Thank you for those that have put thier two cents into this topic..
Even two years later, I will still get suggestions to join women meetings and such when it comes to some of the 12 step programs that I belong to.. I recently moved back to NC where i lived before I began to transition.. My old friends have told me that these meetings "are welcome to lesbians too" ummm.. yeah.. but I'm not a LESBIAN!!! lol..

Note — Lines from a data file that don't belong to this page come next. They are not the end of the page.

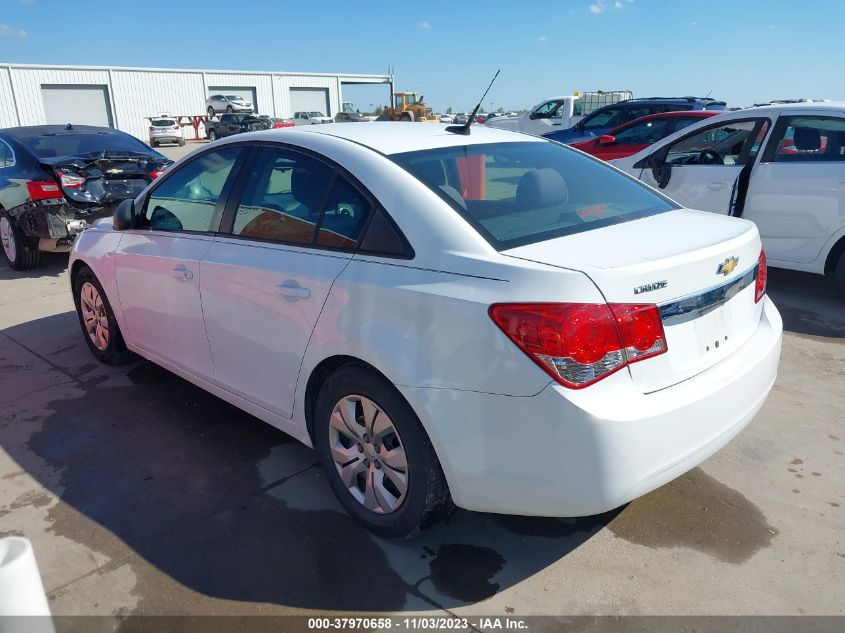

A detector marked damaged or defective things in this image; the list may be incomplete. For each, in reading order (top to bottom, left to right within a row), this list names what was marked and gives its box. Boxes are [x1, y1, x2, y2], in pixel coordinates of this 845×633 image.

damaged black car [0, 123, 171, 270]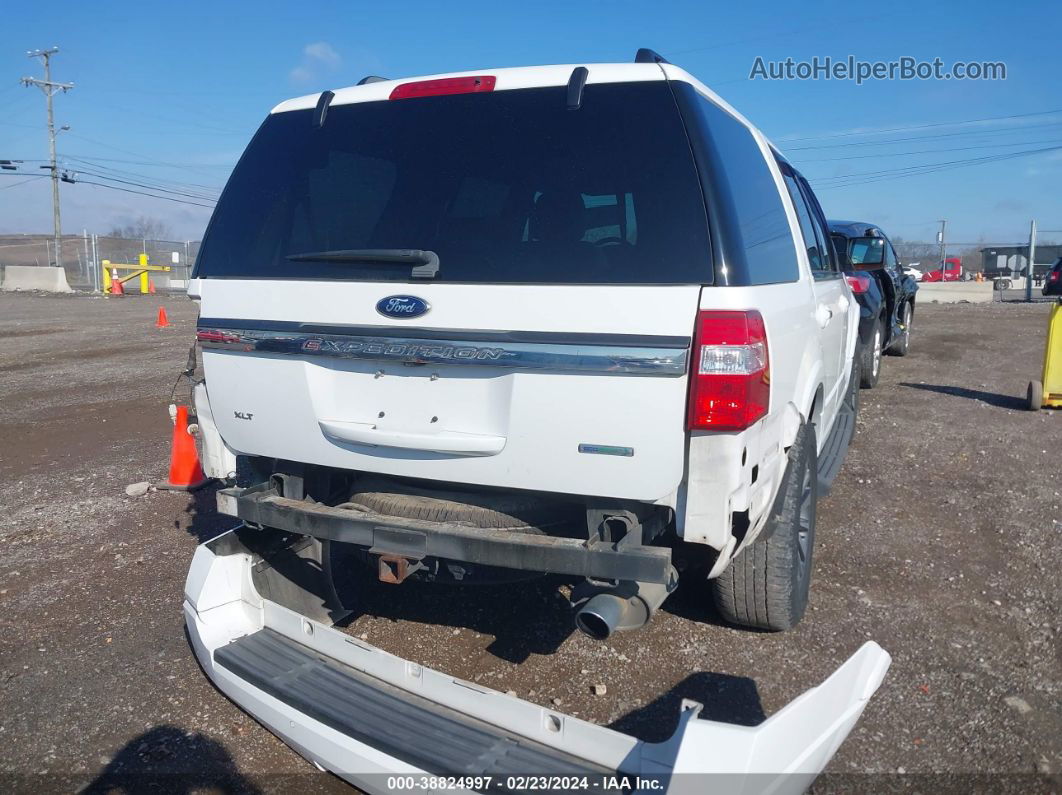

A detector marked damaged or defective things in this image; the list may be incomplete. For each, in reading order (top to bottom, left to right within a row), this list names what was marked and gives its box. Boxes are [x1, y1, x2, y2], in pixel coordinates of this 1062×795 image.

detached bumper cover [184, 530, 887, 789]
damaged rear bumper [186, 524, 892, 789]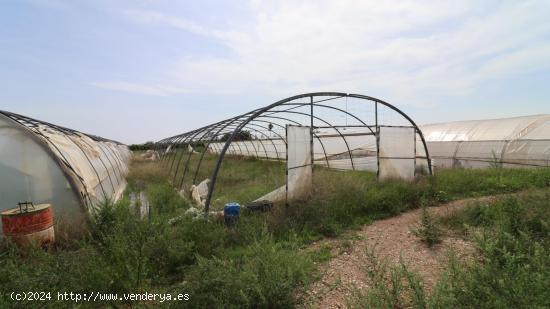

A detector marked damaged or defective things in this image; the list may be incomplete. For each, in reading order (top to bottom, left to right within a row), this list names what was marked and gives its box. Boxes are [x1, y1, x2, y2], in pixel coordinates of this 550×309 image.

I still try my best to respect women's space.. Even on the daily, "on the street" level.. Like I don't crowd a woman.. If I see that she is nervous that I am walking behind her at night, I will slow down, or cross the street.. Maybe that is just me? I get that vibe now, that I am seen as a male and a danger. That is kind of hard too.. I don't like people being uncomfy around me just because I'm a guy.. Not even a transguy.. Just a guy..
I'm not saying that all women are afraid of me! lmao.. But maybe this is why I'm still single, because i am sending out creeper vibes? (heh.. not really, I hope..?).
My point is.. I'm aware that a woman walking down the street, alone at night, may not feel comfortable with a guy walking too close behind her.. I have had that fear before.. It isn't a good feeling.. I guess that would be a thought on how I try to respect a woman's space.. Not just at an event, but in general.
Great thoughts, everyone

I'm glad to have run across this thread again!